【ミュンスター/オスナブリュック 10月24日】
神聖ローマ帝国をはじめ、フランス、スウェーデン、スペイン、オランダなど欧州主要国が参加した三十年戦争の講和条約が本日、ヴェストファーレン地方のミュンスターとオスナブリュックの両都市で正式に調印された。これにより、1618年から続いた大規模な宗教・政治戦争はついに終結を迎えた。
調印された一連の条約は「ヴェストファーレン条約」と呼ばれ、ヨーロッパ全土の政治地図に大きな変化をもたらすことになる。

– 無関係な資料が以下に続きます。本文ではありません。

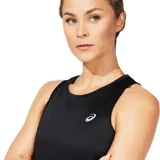Musculosa deportiva Asics de mujer, color negro, con logo estampado en el pecho. Ideal para running y entrenamiento.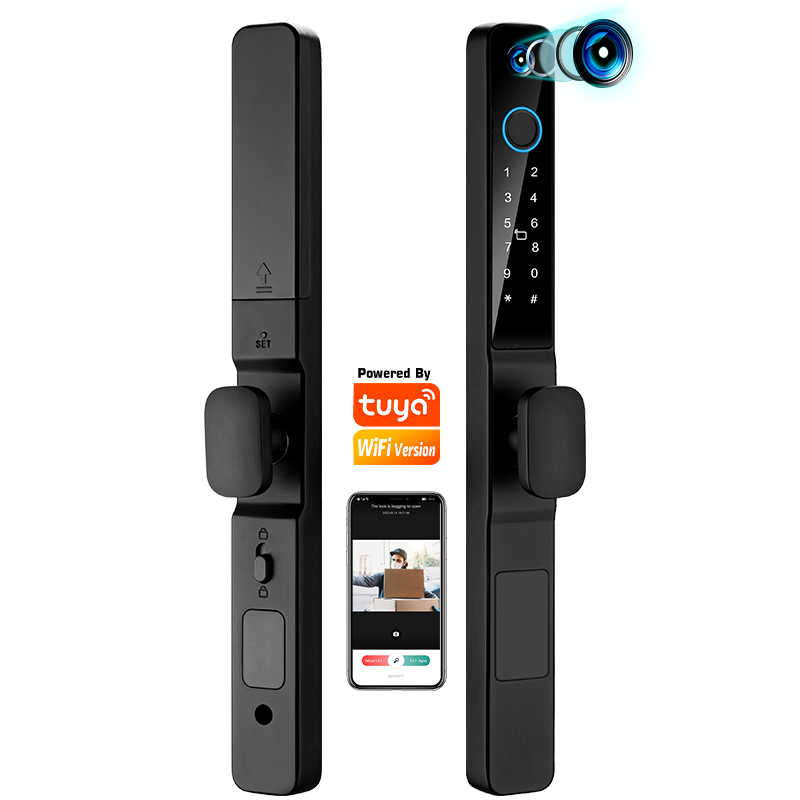 Keyless Entry Smart Door Lock Fingerprint With Camera Bell Handle Wifi Tuya Biometric Door Access Lock for Outdoor Sliding Door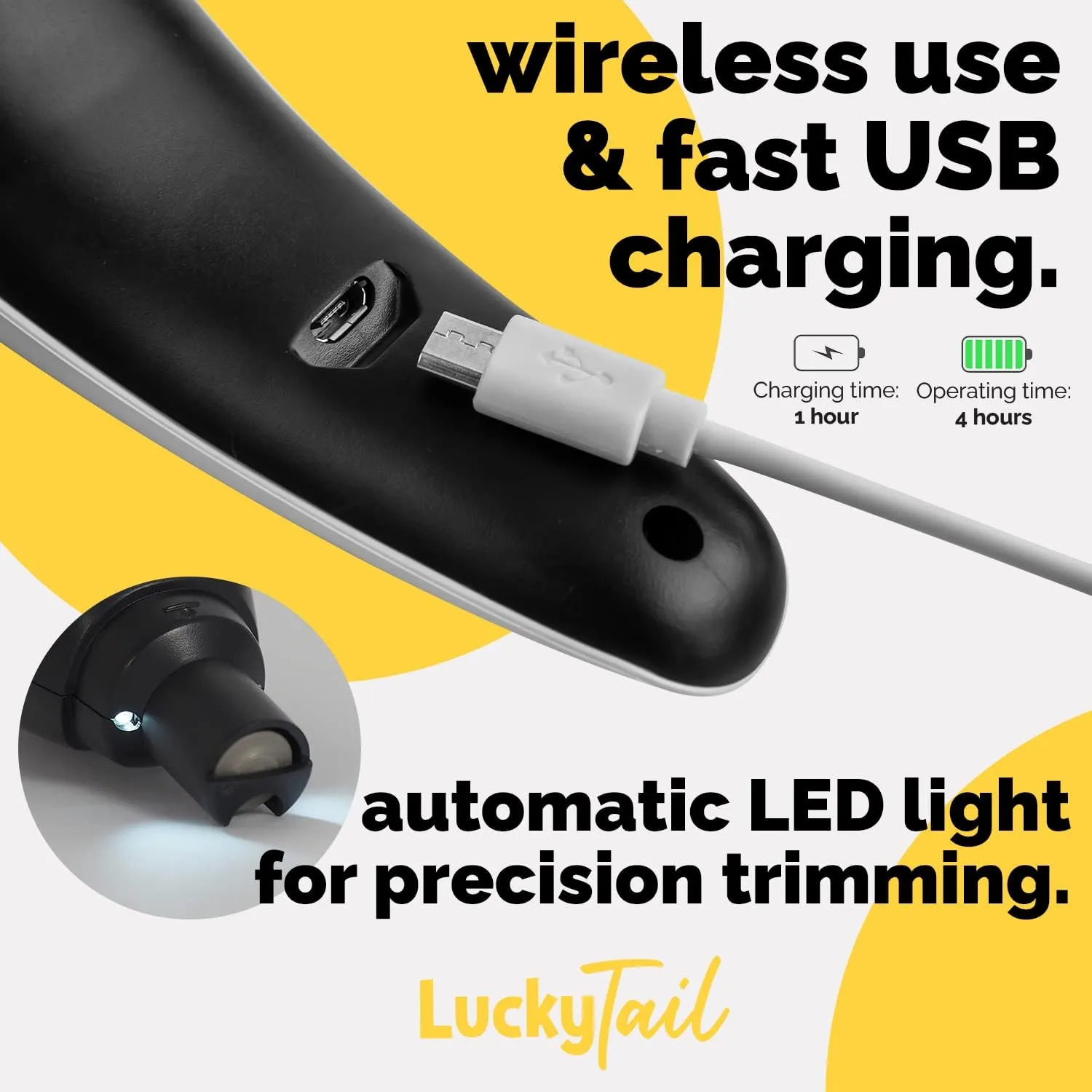LuckyTail Pet Nail Grinder for Dogs and Cats - Super Quiet and Low Vibration Electric Dog Nail Grinder with 2 LED Lights - USB Rechargeable and Cordless - 2 Speeds - Small to Large Pets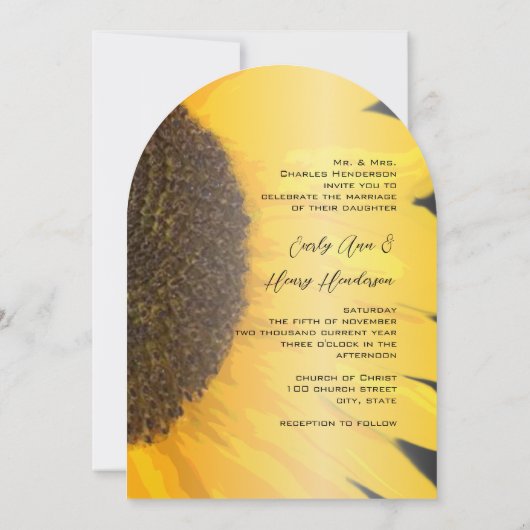 Rustic Sunflower Photo Wedding Kaart (Achterkant)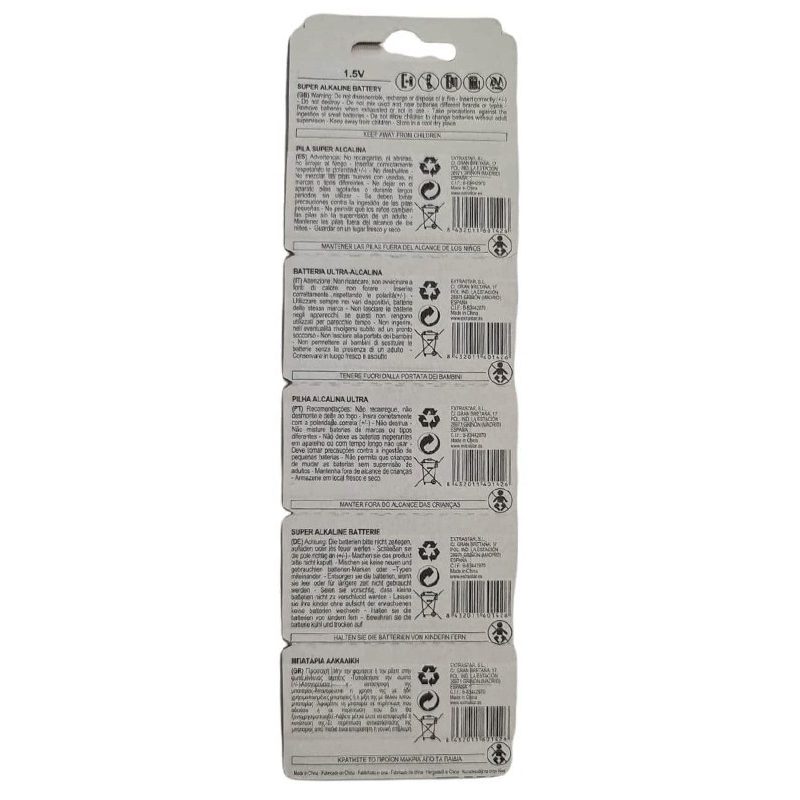 ExtraStar 40 PILE BATTERIE A BOTTONE AG5 1,5v SR48 SR754 SG5 LR754 ...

主な内容には、以下のような取り決めが含まれる:
- 神聖ローマ帝国内の各領邦に信仰の自由を認め、ルター派・カルヴァン派・カトリックの三宗派が合法とされる
- スイスとオランダの独立が国際的に承認される
- フランスはアルザス地方の一部を、スウェーデンはドイツ北部の要所を獲得
- 教皇の抗議にもかかわらず、世俗国家間の合意が優先される新たな国際秩序が確立
この講和は、宗教戦争として始まった三十年戦争が国家利益を巡る近代戦争へと変質していたことを象徴している。また、条約によって国際会議を通じた戦争終結という新しい形が示され、「主権国家」概念の基盤が形成されたことは、今後の外交のあり方に大きな影響を与えると見られる。
各国の代表団は、長期に及ぶ交渉と妥協の末にこの合意に至り、ミュンスターの街には平和を祝う鐘の音と市民の歓声が響き渡った。だが一方で、戦争によって荒廃したドイツ各地の復興は容易ではなく、失われた命と社会秩序の回復には長い時間が必要とされる。